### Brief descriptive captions
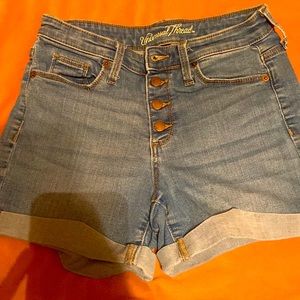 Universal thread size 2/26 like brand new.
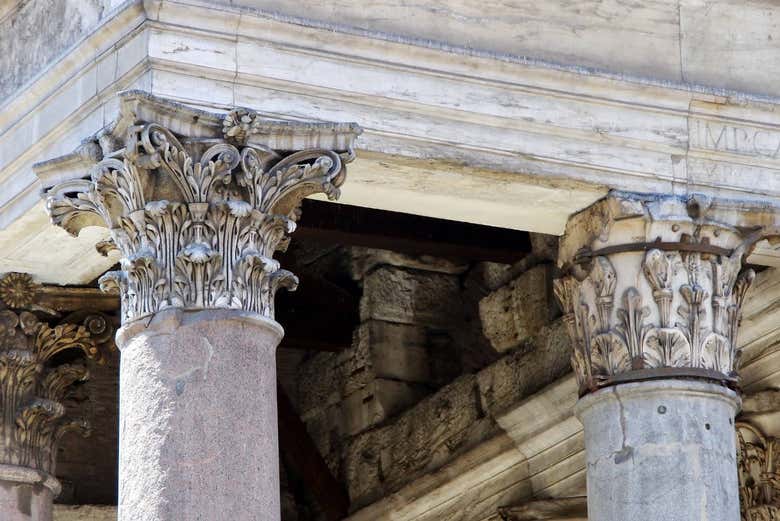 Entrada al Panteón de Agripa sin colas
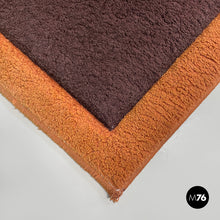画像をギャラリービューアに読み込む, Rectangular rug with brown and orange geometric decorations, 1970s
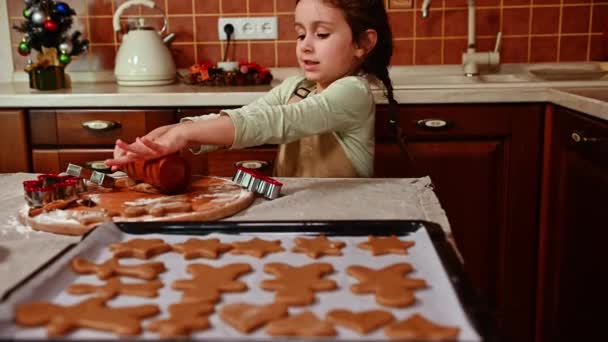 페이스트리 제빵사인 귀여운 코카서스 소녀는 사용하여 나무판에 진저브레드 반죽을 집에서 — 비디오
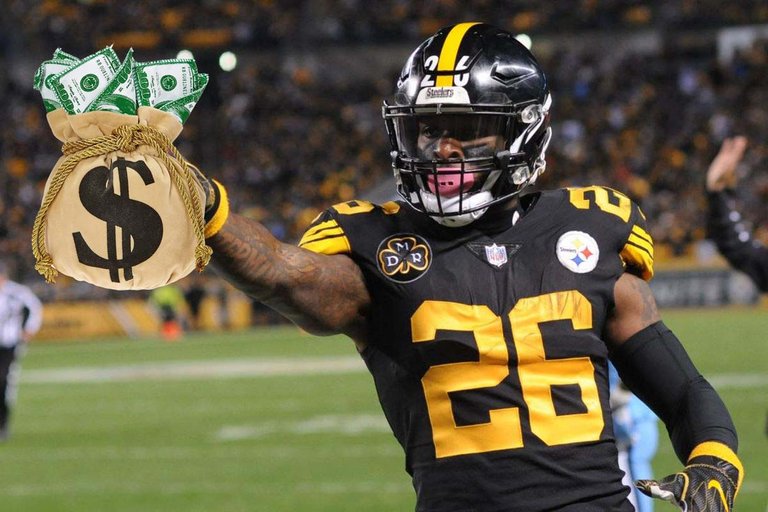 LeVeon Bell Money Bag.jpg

### Problem details
Retype only the lines from the one with "페이스트리 제빵사인 귀여운" through the final line of the entries, please, and keep the pictures out.

### Output for this task
 페이스트리 제빵사인 귀여운 코카서스 소녀는 사용하여 나무판에 진저브레드 반죽을 집에서 — 비디오
 LeVeon Bell Money Bag.jpg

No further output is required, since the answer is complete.